## WHAT THE EXERCISE ASKS
Your answer must be the lines from the top of the listing below through the line that holds "Opinii despre لاروستيكا", retyped exactly, with no pictures.

## THE INPUT
---
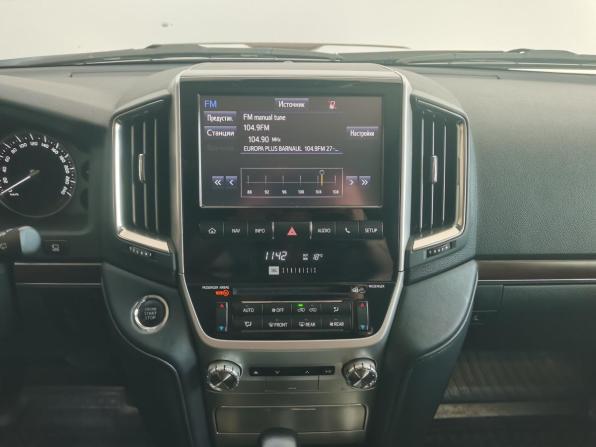 Toyota Land Cruiser 200 Series Рестайлинг 2 с пробегом 2017 года, цена 6 790 000 рублей, 221575 км, внедорожник, Автокод Объявления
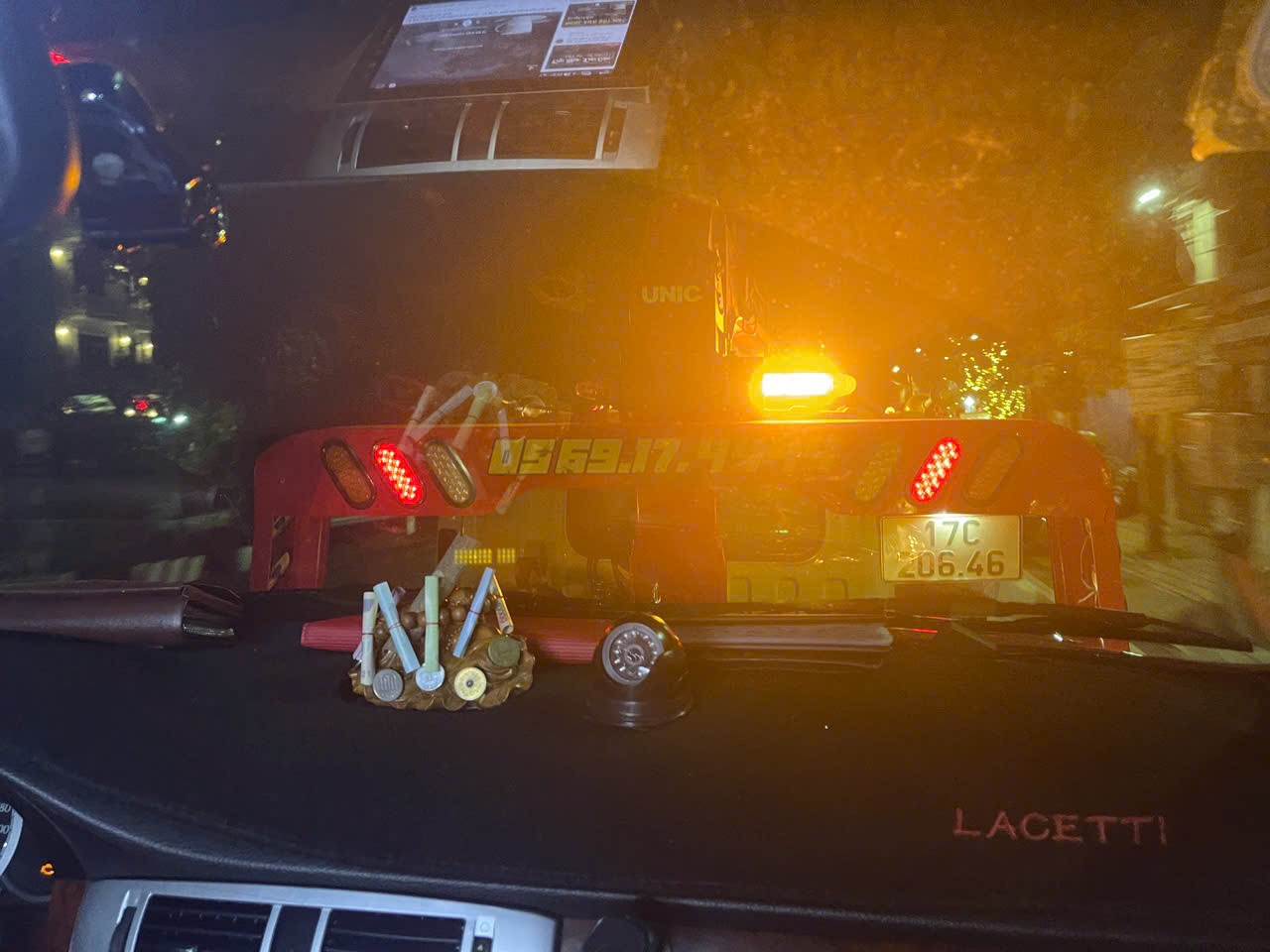 Công an làm việc với người đàn ông giao ô tô cho con trai 12 tuổi cầm lái-3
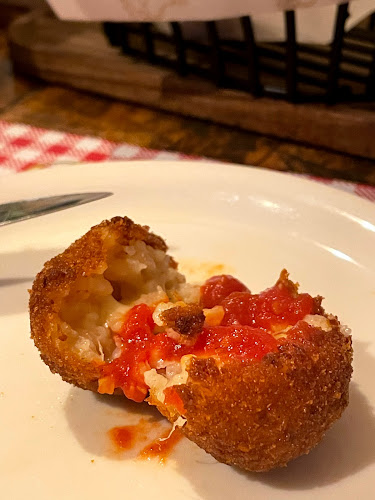 Opinii despre لاروستيكا بيتزارايا în الرياض - الضيافة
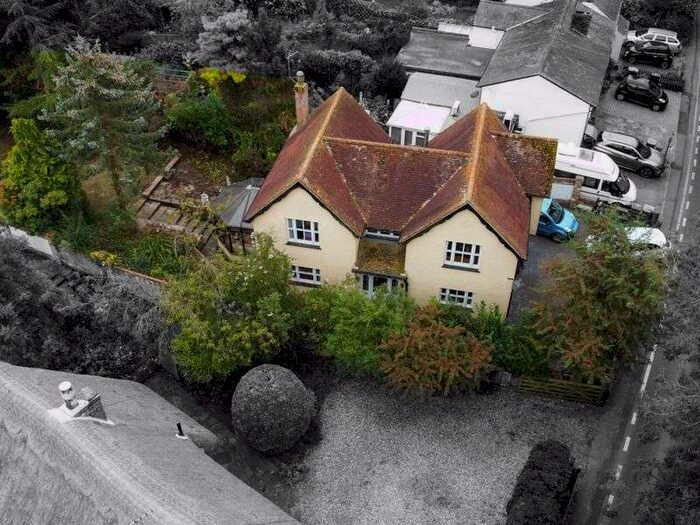 3 Bedroom Property For Sale In Dunmow Road, Hatfield Broad Oak, Bishop's Stortford, Hertforshire CM22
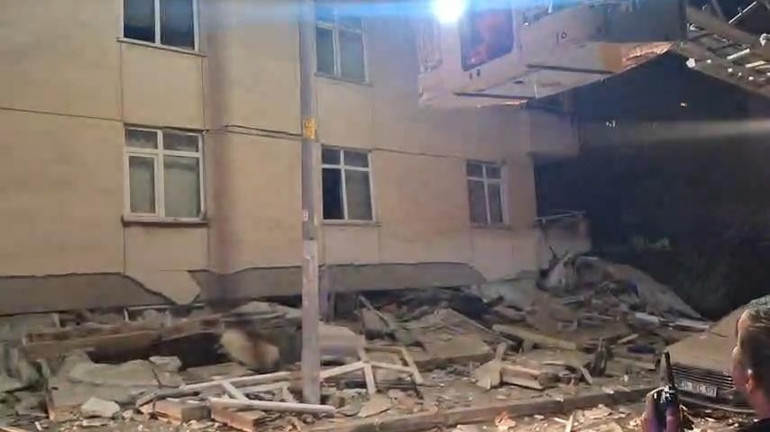 Son dakika... Maltepede 6 katlı binada çökme: Arama kurtarma çalışmaları sürüyor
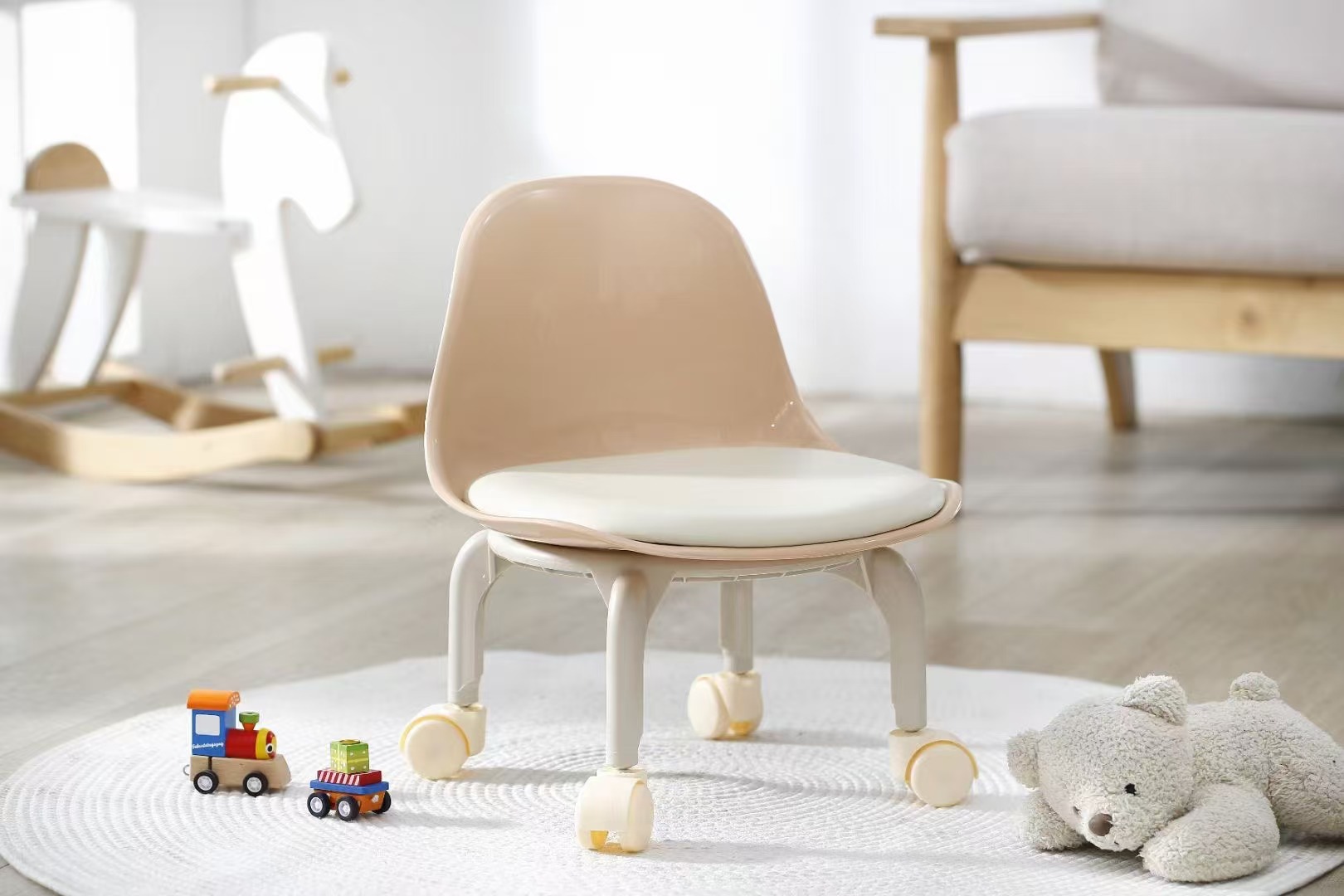 The popular small stool, universal wheel, sliding wheel, low stool, a must-have for kids, acrylic transparent baby walking stool pic 1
---
## YOUR RESPONSE
 Toyota Land Cruiser 200 Series Рестайлинг 2 с пробегом 2017 года, цена 6 790 000 рублей, 221575 км, внедорожник, Автокод Объявления
 Công an làm việc với người đàn ông giao ô tô cho con trai 12 tuổi cầm lái-3
 Opinii despre لاروستيكا بيتزارايا în الرياض - الضيافة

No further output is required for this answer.